The insane parts of the loop were the climbs. Ridiculous climbs, ranging from the regular super-steep gravel climbs on Logsden Road and Hoskins Road (the traditional “we’ll put switchbacks in because we can’t get the road surface to stay in place when we paint a line directly up the mountain) to the mindbogglingly steep climb up Gilbert Road, which is a 3-4 mile stretch that was painted directly up the side of Bald Mountain (it was paved, so they could do that) – imagine, if you will, a climb that starts off with 800 feet of 15-20% ramps with very short stairsteps between them, and then finishes with another 600 feet of a steady 8-10% ramp, and then, in the last 40 miles, a climb up Clapshaw Hill (a steady climb that varies between stupidly steep and insanely steep; you’re climbing one of the insanely steep pitches and the stupidly steep one ahead look level, but, no, you’re still going to be climbing in your alpine ring and you won’t be very happy about it) followed by a climb up Laidlaw and Thompson to get to the top of the west hills (I walked one of the pitches on Laidlaw, because I’d been sprinting up all the other steep ramps on the loop and was getting kind of tired after about 56 hours with only 2 hours of sleep.) Ridewithgps claims 7600 meters of climbing on this loop, and I’m tired enough to believe it.

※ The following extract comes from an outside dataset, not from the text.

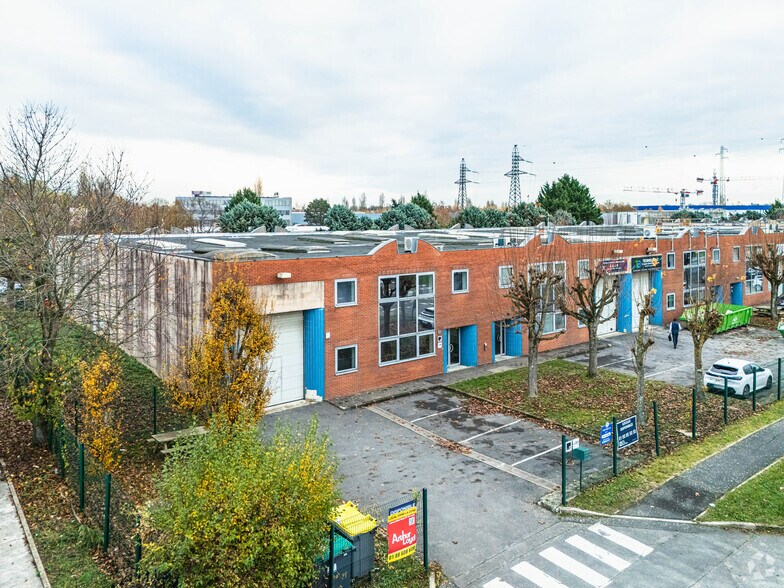 620 Avenue Blaise Pascal, Moissy-Cramayel for sale - Building Photo - Image 2 of 2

I will post more about it later, but I’m a little too tired to do so now.

Comments


Hurrah! for not dying.

Graydon Mon Oct 22 16:47:08 2012

You and Kevin showed “true grit” in accomplishing this ride - no doubt a challenging ride in the best of weather, but it was so damn cold and wet this weekend. I probably would have bailed after that first downpour. Congrats on your ride.